**DESCRIPTION OF THE TASK:**
In the listing that follows, copy out each line that includes the word "green".

**GIVEN RECORDS:**
######
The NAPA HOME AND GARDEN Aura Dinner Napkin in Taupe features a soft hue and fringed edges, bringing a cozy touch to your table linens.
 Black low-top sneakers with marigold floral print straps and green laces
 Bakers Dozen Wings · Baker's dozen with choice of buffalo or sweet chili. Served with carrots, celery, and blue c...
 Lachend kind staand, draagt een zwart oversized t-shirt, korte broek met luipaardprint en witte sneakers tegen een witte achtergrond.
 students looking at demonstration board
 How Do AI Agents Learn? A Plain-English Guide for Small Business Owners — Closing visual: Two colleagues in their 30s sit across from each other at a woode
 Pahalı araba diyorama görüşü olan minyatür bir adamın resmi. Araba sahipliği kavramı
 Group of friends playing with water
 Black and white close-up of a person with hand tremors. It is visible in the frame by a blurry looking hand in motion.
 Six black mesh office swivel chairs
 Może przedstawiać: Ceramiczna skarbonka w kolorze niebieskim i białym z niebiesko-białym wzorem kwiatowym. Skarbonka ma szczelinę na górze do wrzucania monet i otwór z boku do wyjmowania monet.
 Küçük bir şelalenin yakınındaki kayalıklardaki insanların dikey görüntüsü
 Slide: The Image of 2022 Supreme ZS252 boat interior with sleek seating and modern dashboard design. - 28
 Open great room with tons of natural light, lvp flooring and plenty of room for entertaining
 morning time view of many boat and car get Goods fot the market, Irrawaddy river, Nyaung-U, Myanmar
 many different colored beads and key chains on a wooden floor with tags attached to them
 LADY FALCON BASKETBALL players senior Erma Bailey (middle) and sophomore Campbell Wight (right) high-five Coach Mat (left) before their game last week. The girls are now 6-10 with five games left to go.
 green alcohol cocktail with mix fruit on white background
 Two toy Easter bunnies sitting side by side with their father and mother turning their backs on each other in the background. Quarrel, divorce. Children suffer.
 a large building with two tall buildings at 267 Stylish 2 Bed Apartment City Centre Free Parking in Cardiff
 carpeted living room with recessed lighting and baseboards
######
**TASK OUTPUT:**
 Black low-top sneakers with marigold floral print straps and green laces
 green alcohol cocktail with mix fruit on white background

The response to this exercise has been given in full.